2.3.2. Parameters and Scenarios
Here follow the possible choices made for the 5 parameters, which define the different scenarios.
Parameter 1: the SAR input dataset
The explanatory variables used to build the classification model are computed from data coming either from the orbit 37 only, or from the orbit 161 only, or from both orbits 37 and 161. This impacts the number of images used during a considered period and the acquisition time of the images.
Comparing the results obtained from both orbits and from a single one allows to know if a higher temporal resolution (by doubling the number of acquisitions for a considered period) improves the quality of the crop type identification.
Images are acquired at different times depending on the orbit: early in the morning or late in the afternoon. The interest of testing each orbit separately is also to assess whether the acquisition time is important. For instance, images acquired early in the morning could be affected by dew.
Parameter 2: the explanatory variables
The starting idea is that the different crop types can be distinguished using temporal profiles of spectral features extracted from the SAR signal, these features are the explanatory variables of the model to be calibrated. Object-based features are preferred over pixel-based features because of the speckle effect, which needs to be filtered out or averaged out by working at object level. In the context of this study, this is possible since the parcel boundaries are known, and this is also true in each member states in the context of the CAP.
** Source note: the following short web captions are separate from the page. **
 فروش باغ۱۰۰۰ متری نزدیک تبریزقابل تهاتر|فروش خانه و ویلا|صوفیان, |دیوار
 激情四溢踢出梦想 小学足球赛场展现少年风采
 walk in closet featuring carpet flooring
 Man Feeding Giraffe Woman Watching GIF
In this study, we have used the per-field mean backscattering coefficient (σ0), which is extracted for each parcel and each available date. The mean is computed as the average over the pixels whose center falls inside the parcel polygons after internal buffer application. Notice that all computations are done in linear units. This is done for both VV and VH polarizations. For each parcel, this gives two time series per orbit, which are used in all scenarios.
In addition to VV and VH, the effect of adding a third time series per orbit, called VRAT, is considered. It is defined as the ratio VH/VV. Indeed, in [
40], the authors recommend using VH/VV to separate maize, soybean, and sunflower, which could be applied to other crop types. This quantity is also considered as a variable sensitive to crop growth in several other studies [
41,
42,
43] and thus seems to be possibly a variable of interest for our purpose of crops classification.
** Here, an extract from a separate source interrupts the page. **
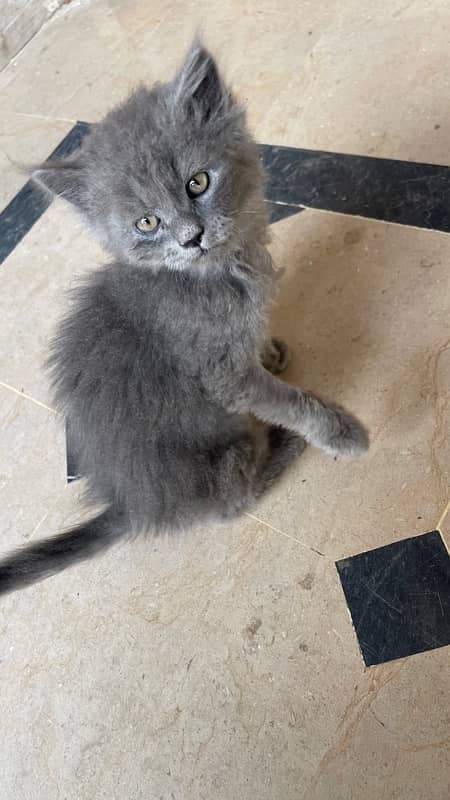 Persian Cat Grey Color Male 2 month old 2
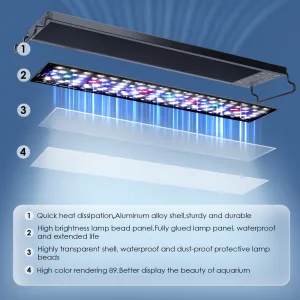 Aquarium Light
Finally, the effect of adding some static variables is studied. For each orbit, the per-field mean of the local incidence angle is computed, together with its standard deviation. This is motivated by the fact that all types of cultural practices—that differ depending on the crop type—cannot be carried on in steep parcels and inhomogeneous reliefs. Hence, the local incidence angle and its intra-field variation could be correlated to the crop type cultivated in a parcel. Since the incidence angle is an almost constant value in time, we take it at a unique date only, which is on 3 May 2020 for orbit 37 and on 29 April 2020 for orbit 161. Some temporal statistics are also added: the mean, the minimum, the maximum, the range, the standard deviation, and the variance are computed for each of the VV, VH, and VRAT time series. For each orbit, there are thus 6 static variables for each time series and 2 for the local incidence angle.
The results obtained with and without these additional variables are compared in order to assess whether they are worth the additional model complexity and data preparation.
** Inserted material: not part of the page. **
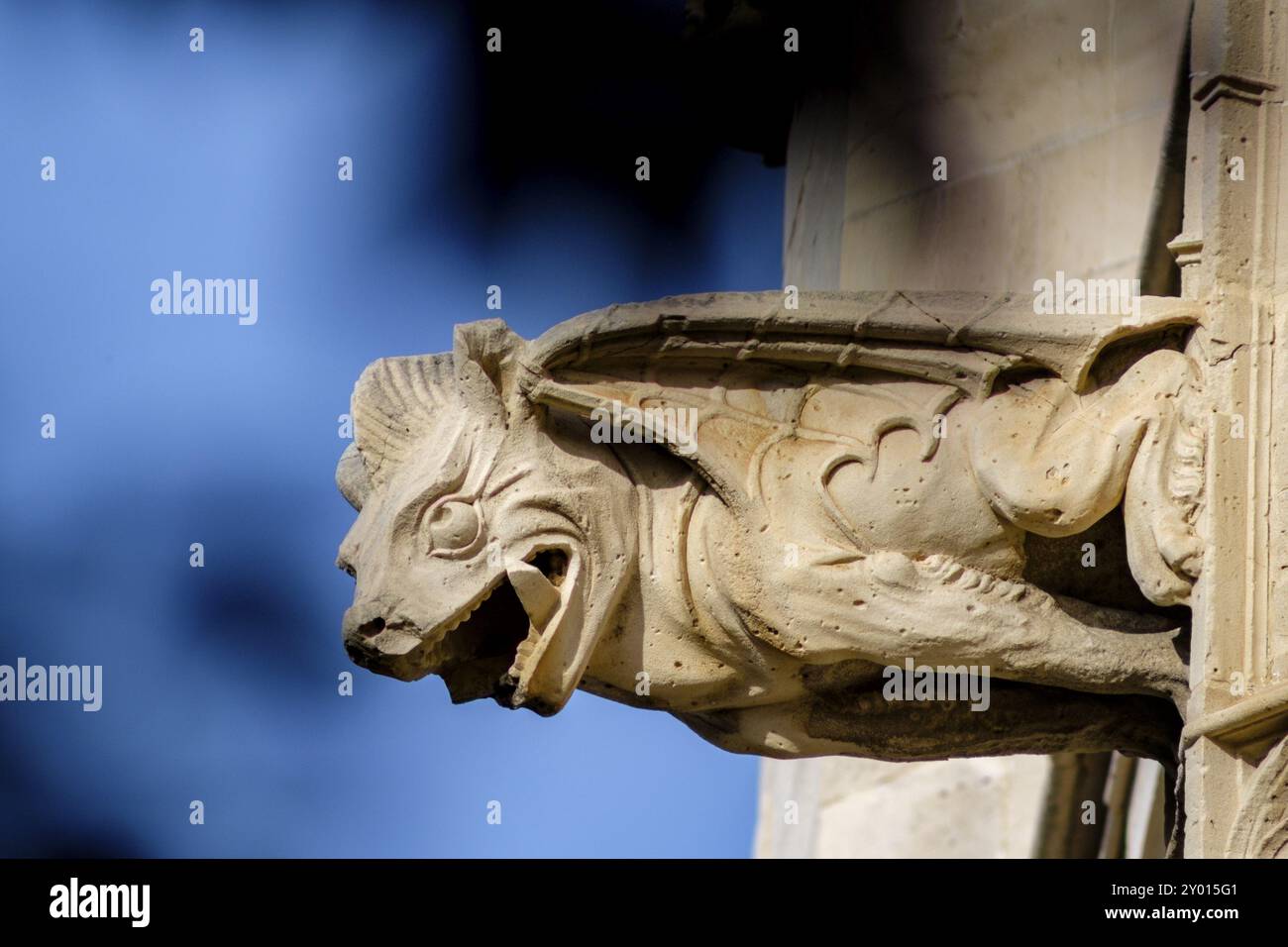 Gargola en forma de dragon, Lonja de Palma de Mallorca, sa Llotja, antigua sede del Colegio de Mercaderes, Monumento historico-artistico, construida p Banque D'Images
Parameter 3: the buffer size
The noise in the time series caused by heterogeneous pixels on the borders of parcels might be reduced by introducing an internal buffer before computing the per-field mean of the backscattering coefficient, thus keeping only clean pixels to represent the parcel. In some cases, it might also mitigate the negative effect of the imperfect geometric accuracy of the image. As was suggested in [
44] in the context of a Sentinel-2 analysis, a buffer size of −5 m is chosen in the present study. Another possible source of noise is the fact that the edges of the fields are sometimes managed differently from the central part of the fields (different machines passage orientation or inputs interdiction for example), which causes heterogeneity in the parcel signal. From that point of view, a bigger buffer size of −15 m might ensure a higher probability of having homogeneous pixels for a given parcel. However, a bigger buffer size implies that less pixels are used to average the parcel signal, which is less efficient to filter out the speckle. Therefore, the three following buffer sizes are tested in this study: 0 m (no buffer), −5 m and −15 m. In the −5 m scenario, no buffer is used on the parcels whose polygon after the buffer application is either empty or too thin to contain any pixel (1% of the parcels). In the −15 m scenario, for the parcels whose polygon after the −15 m buffer application is either empty or too thin to contain any pixel, the polygon from the −5 m buffer scenario is used (−5 m buffer for 7% of the parcels and no buffer for 1%). Notice that even when no buffer is applied, some parcels are too thin to contain the center of a SAR pixel, which implies that no signal can be extracted (0.007% of the parcels). Moreover, notice that, because of the “cascading” buffer application, the use of a buffer is more computationally demanding. Indeed, the extractions must be done for the buffer for all the parcels, then the extractions must be done for all smaller buffers for subsets of the parcels, since the number of pixels contained in a parcel is only known after the extraction. The percentage of parcels corresponding to each buffer is summarized in
Table 2.
Parameter 4: training set
The set of all parcels is split in two disjoint halves, one being used to train the model and the other to score it. In order to improve the model quality, it is trained only on a subset of the training parcels, considered as having a good signal quality. For instance, small parcels are discarded since, because of the statistical uncertainties encountered in the SAR signal due to speckle, [
45] recommends averaging the signal over a certain number of pixels. Therefore, a ‘clean’ training dataset is built by selecting only the training parcels which contain at least 200 pixels for all dates after applying the buffer. Notice that in preliminary exploratory studies, some other criteria were considered. For instance, oddly shaped parcels were discarded based on the value of the ratio perimeter over square root of the area. Moreover, the parcel homogeneity was quantified in terms of the per-field standard deviation of the SAR sigma nought. However, these criteria were not retained since they did not seem to lead to significant improvements. The clean dataset contains 64.5% of the parcels in the full training set, and it is used in all the scenarios, unless otherwise specified. To assess the effect of using such a strict screening, a specific scenario is considered that uses the full training dataset to check if the score is then indeed lower.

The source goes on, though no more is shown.